Editor’s note: This news story describes experimental research on a possible light-based therapy. Readers should not interpret the story as medical advice or as an endorsement of the technique, which is still under study.

Photobiomodulation, also known as low-level laser therapy, administers light from low-power lasers or light-emitting diodes (LEDs) to the surface of the body as a form of medical treatment. The noninvasive approach has been tested for pain relief, hair regrowth, nerve injuries and wound healing.

Now, an international team of researchers has found that transcranial photobiomodulation applied to the brain may enhance working-memory capacity in humans (Sci. Adv., doi: 10.1126/sciadv.abq3211). More studies are needed to verify the results, as well as to fully understand the underlying mechanism and duration of the response.

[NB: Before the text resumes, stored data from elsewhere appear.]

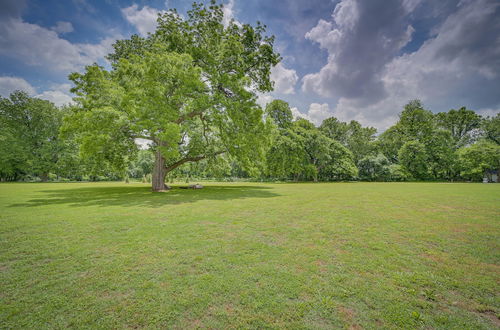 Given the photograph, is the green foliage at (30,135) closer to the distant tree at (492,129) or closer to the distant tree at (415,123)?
the distant tree at (415,123)

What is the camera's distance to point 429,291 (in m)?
3.14

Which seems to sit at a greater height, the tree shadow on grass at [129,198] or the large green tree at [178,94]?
the large green tree at [178,94]

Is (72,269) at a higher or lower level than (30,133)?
lower

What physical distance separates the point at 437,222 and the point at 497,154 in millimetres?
52541

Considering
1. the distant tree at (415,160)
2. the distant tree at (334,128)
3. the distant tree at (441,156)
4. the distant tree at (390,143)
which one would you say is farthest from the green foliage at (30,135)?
the distant tree at (441,156)

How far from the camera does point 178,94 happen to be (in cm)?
1517

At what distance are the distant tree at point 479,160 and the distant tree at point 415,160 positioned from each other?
19.5ft

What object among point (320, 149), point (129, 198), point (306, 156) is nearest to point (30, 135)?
point (129, 198)

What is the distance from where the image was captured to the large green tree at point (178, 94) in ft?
48.1

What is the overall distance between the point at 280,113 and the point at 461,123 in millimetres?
53091

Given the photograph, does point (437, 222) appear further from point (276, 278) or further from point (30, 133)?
point (30, 133)

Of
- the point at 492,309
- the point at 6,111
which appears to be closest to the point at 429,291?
the point at 492,309

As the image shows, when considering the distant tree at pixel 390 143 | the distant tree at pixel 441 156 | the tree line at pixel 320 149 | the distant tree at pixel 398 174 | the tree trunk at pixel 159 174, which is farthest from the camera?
the distant tree at pixel 390 143

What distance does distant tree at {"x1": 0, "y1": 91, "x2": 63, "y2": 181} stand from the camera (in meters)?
36.8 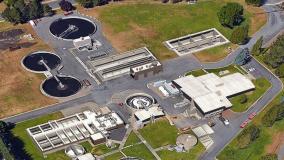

A different kind of laser treatment

The first photobiomodulation experiment occurred on the heels of the invention of the first laser. In 1967, the Hungarian physician Endre Mester illuminated the shaved backs of mice with the newly discovered ruby laser. While he hoped to eradicate tumors implanted under their skin, the laser power was far too low to have such an impact. Instead, Mester noticed a faster rate of hair growth for the treated mice as compared with controls.

Today, photobiomodulation—while still not a standardized treatment for any condition—is recognized for having some anti-inflammatory and pain-relieving effects. It differs from other light-based medical treatments, which typically heat and cut the tissue. Photobiomodulation employs low power and does not cause a significant increase in temperature.

Dongwei Li at the Beijing Normal University, China, and his colleagues aimed to explore the technique as an intervention to improve cognitive function. In particular, they wanted to test its influence on working memory, the type of short-term memory used to store information temporarily during the completion of cognitive tasks.

“People with conditions like ADHD (attention deficit hyperactivity disorder) or other attention-related conditions could benefit from this type of treatment, which is safe, simple and non-invasive, with no side-effects,” said study author Li, who is also a visiting Ph.D. student at the University of Birmingham’s Centre for Human Brain Health, UK, in a press release accompanying the research.

Enhancement in working memory

The researchers employed a diode-pumped solid-state laser with a continuous power output of 2271 mW, or around one-fifth of the skin’s maximum permissible exposure. They positioned the handheld light source over the right prefrontal cortex of 90 young adults for 12 minutes, followed by tests of visual working-memory capacity. The participants were asked to memorize the orientation of lines as well as blocks of colors.

The results revealed that transcranial photobiomodulation at 1064 nm was linked to an improvement in test scores of about 25%. No effect was observed for transcranial photobiomodulation at 852 nm or with stimulation of the left prefrontal cortex. Electroencephalogram (EEG) data also correlated with test performance, although the mechanism behind the effect remains unclear.

“As a next step, we need to figure out how long the effect of the laser treatment lasts,” said study author Ole Jensen, co-director of the Centre for Human Brain Health. “We would also like to investigate how the stimulation can help participants with attention and working-memory problems.”